Tuesday, June 19, 2012

Contact

After a couple of recent posts and comments, and a few things on other people's blogs (and, to be fair, not on blogs but on scary message boards), I was interested to read these two posts:

Bumping into birth mum  

Gearing up for Father's Day

These present almost entirely opposing views of birth family contact - both families adopted their child from foster care, in both cases their child was removed against the birth parents' wishes, at around the same age, though neither have gone into detail about the issues that led to the removal (and I don't blame them, I won't be sharing that kind of detail here).  Thorn and her partner are both female, so their daughter has no dad in the house, but I am pretty sure if it had been their daughter's birth mother they had bumped into in similar circumstances the reaction would have been the same (i.e. it's not because he's the birth father and they don't have a father on the scene at all).

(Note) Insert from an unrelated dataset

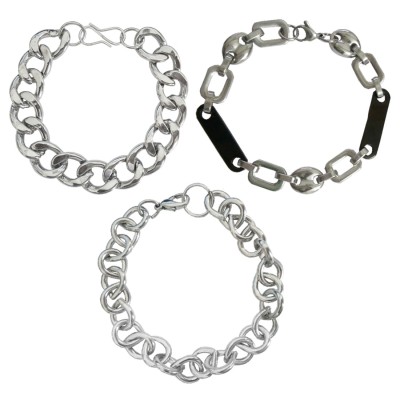 Menjewell Black::Silver South Indian Style Oval Cable Chain Design Metal Bracelet Combo For Men & Boys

In both cases their child spent some time in foster care before the adoptive placement (so although it's much more common in the US, Thorn wasn't a foster carer immediately after birth family removal and therefore with ongoing contact with birth parents as part of that placement). Neither family has current direct contact with either birth parent, but it's really interesting (and you can read the followup on Thorn's blog) what the reaction in each case has been to an actual or potential chance encounter.

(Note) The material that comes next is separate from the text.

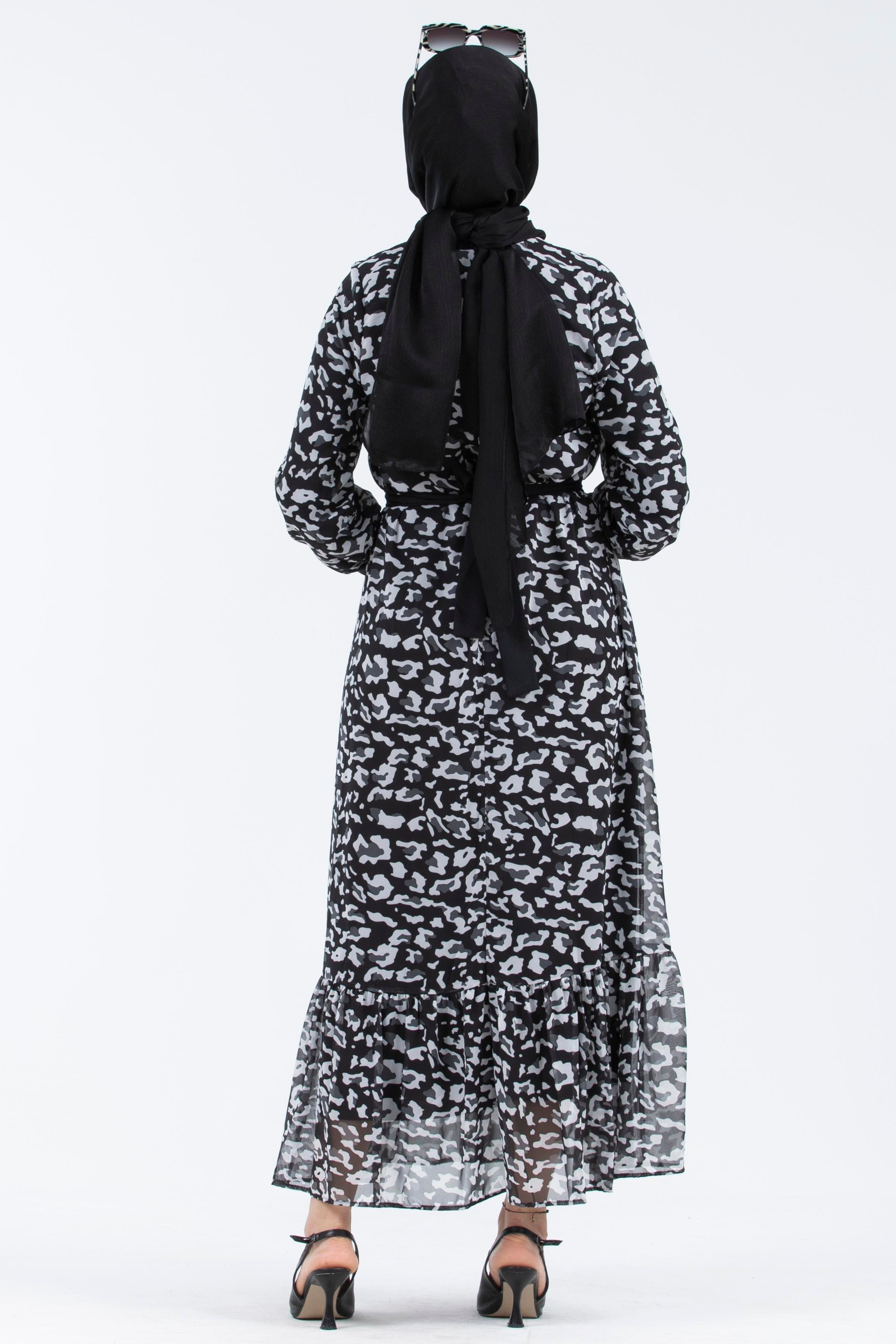Leopar Desenli Şifon Elbise-Siyah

And yes, I do "know" (as in, speak to on the internet) US adopters from foster care who cut off all contact, or who are even more negative than Stix about contact (and please also see Emily's thoughtful comment on the previous post* on just this topic), but I just thought this was interesting, as the posts were about such similar things.

From our end, we've just printed out what may be our last monthly set of contact photos (I'm not too sure, we are not being monitored any more due to the issues with NLA and their SW, but we may be due another one) to send to Nella, but we still haven't any word whether the other SW has made any contact with Baby Spouse's BF.  The slight medical scare we had turned out to be nothing in particular, at least, nothing that needs treatment or that could be due to Nella's choices, just something to watch. 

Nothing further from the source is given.